May 30, 2018, Elite and SunGen announced they filed with the FDA a generic version of an extended-release CNS stimulant; which represented the second product co-developed with SunGen Pharma and, according to IQVIA, has annual U.S. sales of about $1.6 B.
August 14, 2018, Elite and SunGen reported positive topline results from pivotal bioequivalence studies conducted for an undisclosed generic immediate-release antibiotic with an IQVIA market value of about $110 M.
October 23, 2018, Elite and SunGen reported positive topline results from pivotal bioequivalence studies conducted for a second undisclosed generic immediate-release antibiotic with an IQVIA market value of about $70 M.
December 10, 2018, Elite and SunGen announced they had received FDA approval for immediate-release generic Adderall, the drug filed February 8, 2018, that has an annual U.S. market of about $400 M.

January 3, 2019, Elite and SunGen announced they had filed an Abbreviated New Drug Application for a generic antibiotic product with annual sales of $94 M.
March 11, 2019, Elite and SunGen announced they had entered a strategic alliance with Lannett (LCI) to launch the generic version of immediate-release Adderall approved by the FDA on December 10, 2018.
December 12, 2019, Elite and SunGen announced they had received FDA approval for an extended-release generic of Adderall ER, the drug they had filed May 30, 2018, with IQVIA estimated annual U.S. sales of about $1.3 B. (This drug will also be launched through the Lannett partnership.)
If you are doing the math at home...
Counting the $1.7 B markets for the combined FDA approved CNS generics, as well as the pending approvals for two generic antibiotics, the SunGen partnership will enable Elite to compete in U.S. drug markets totaling about $2 B in annual sales.
Impressive, but that is not all of Elite’s drug development efforts. On its own, Elite has created additional revenue-producing opportunities and has received FDA approvals and launched drugs with prospective markets of more than $40 M.
August 6, 2018, Elite received FDA approval for generic methadone; which is indicated for the management of pain severe enough to require daily, around-the-clock long-term opioid treatment and for which alternative treatment options are inadequate. Methadone can also be used for the maintenance treatment of opioid addiction (heroin or other morphine-like drugs) in conjunction with appropriate social and medical services.

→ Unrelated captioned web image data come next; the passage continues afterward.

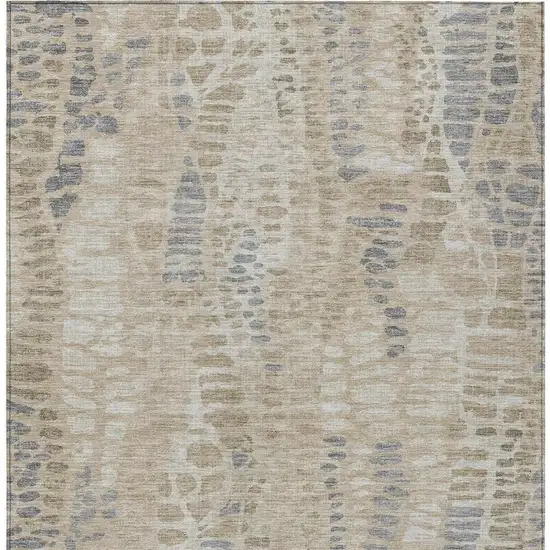 Beige And Gray Abstract Washable Indoor Outdoor Area Rug Photo 2
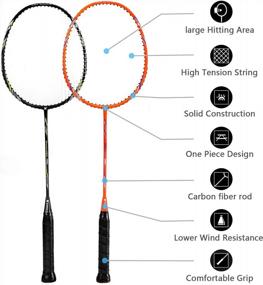 img 3 attached to KEVENZ Carbon Fiber Badminton Racket Set - 2 Racquets, 3 Goose Feather Birdies, 2 Racket Grips And 1 Carrying Bag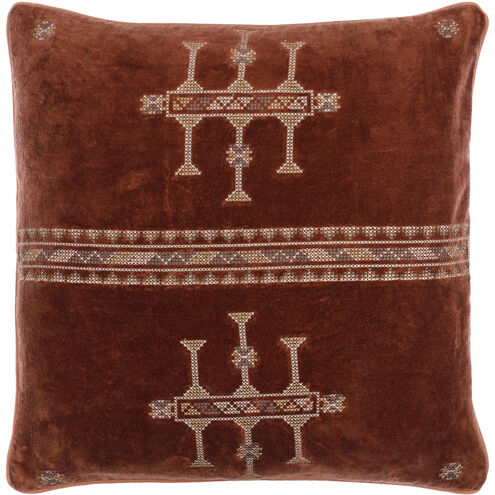 Velour 18 X 18 inch Chocolate/Bronze/Mocha/Brick/Ash Accent Pillow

November 5, 2018, Elite announced it had launched its generic Methadone; used for opioid addiction and it will be launched through their partnership with Glenmark (OTC:GLKQY). The drug has a product-market of about $34 M.
June 28, 2019, Elite announced it had launched generic Dantrolene through its partnership with Lannett, which has a U.S. sales market about $6.4 M.
September 12, 2019, Elite announced it had received FDA approval for generic Tylenol with codeine.

However, the development and approval of drugs cannot be translated into revenues without the ability to market and sell the products to a diverse group of consumers. This was a competency that extended beyond Elite’s organizational capabilities and, because developing such a capacity is both costly and time-consuming, the decision was made by Elite to seek partnerships with mature, experienced companies that had a long-standing capacity for commercialization.
Consequently, Elite entered into agreements with Glenmark and Lannett, with whom the commercialization effort began in earnest, as noted in Q1 2020 when Elite reported revenues of $3.4 M; 55%, higher than those of Q1 2019.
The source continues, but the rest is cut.